• **WHAT NEEDS TO BE DONE**:
Please transcribe the listing below in full, exactly as written, leaving out its pictures.

• **DATASET CONTENT**:
++++++++++
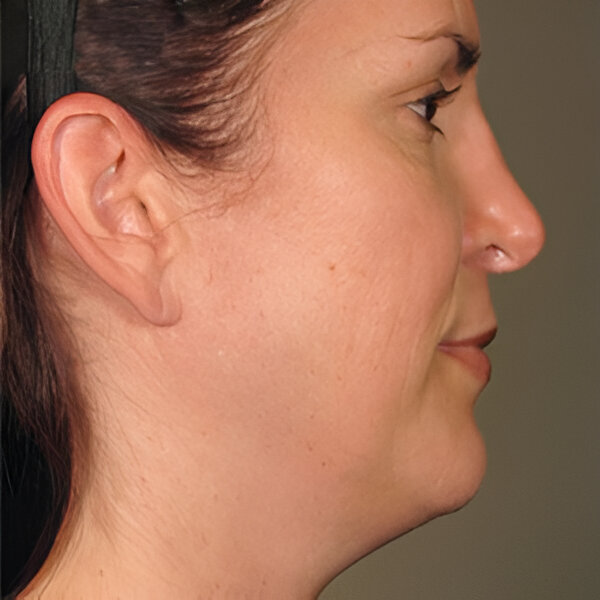 Ultherapy Prime Barcelona resultados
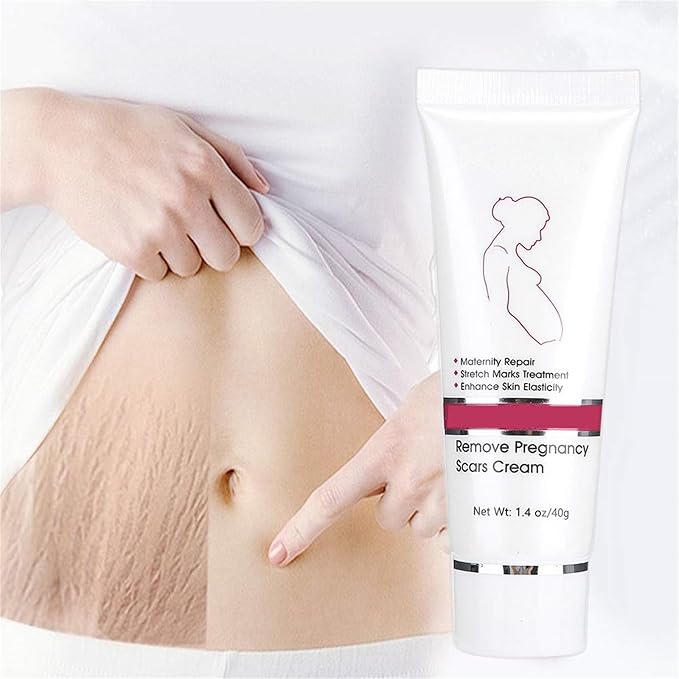 RtopR Stretch Marks and Scar Cream,Crema para Estrias De Embarazo,Stretch Marks Postpartum Repairing Cream Wrinkles Diluting Removal Cream Crema De Cacao para Cicatrices-Velvo Beauty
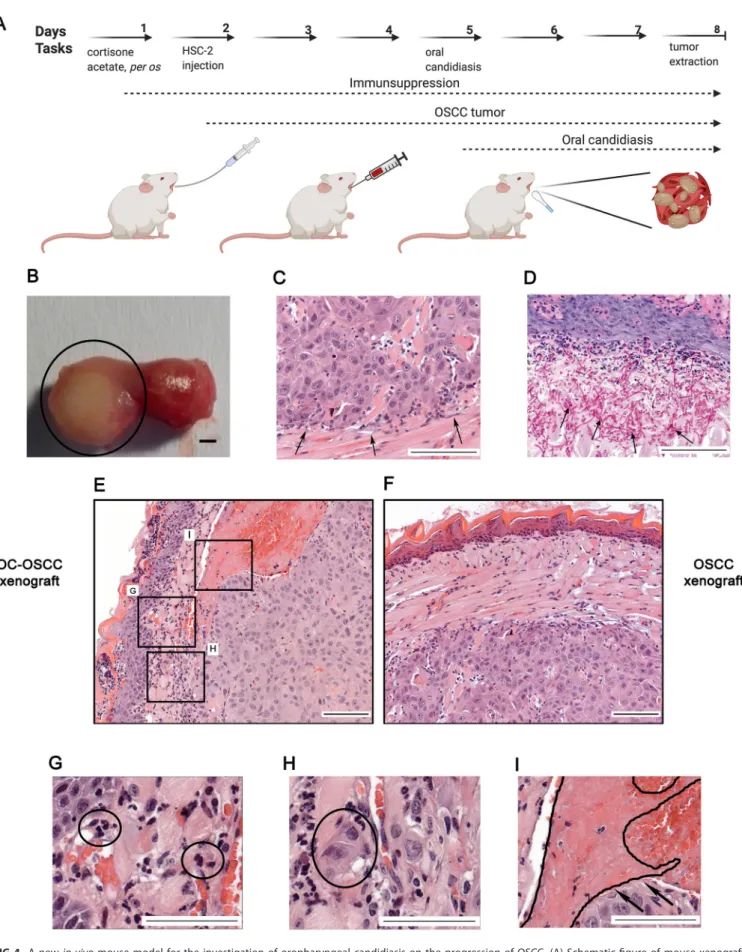 FIG 4 A new in vivo mouse model for the investigation of oropharyngeal candidiasis on the progression of OSCC
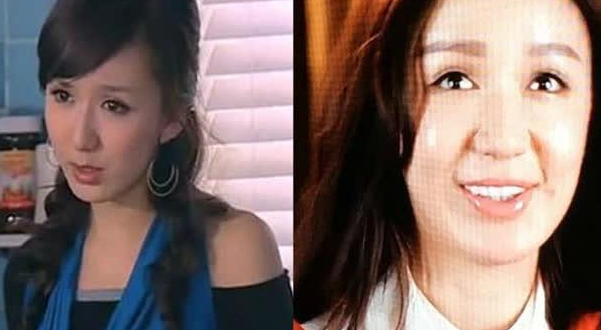 整容毁了多少童年女神,萧蔷王祖贤娄艺潇,面目全非成毁容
++++++++++
• **WRITTEN SOLUTION**:
 Ultherapy Prime Barcelona resultados
 RtopR Stretch Marks and Scar Cream,Crema para Estrias De Embarazo,Stretch Marks Postpartum Repairing Cream Wrinkles Diluting Removal Cream Crema De Cacao para Cicatrices-Velvo Beauty
 FIG 4 A new in vivo mouse model for the investigation of oropharyngeal candidiasis on the progression of OSCC
 整容毁了多少童年女神,萧蔷王祖贤娄艺潇,面目全非成毁容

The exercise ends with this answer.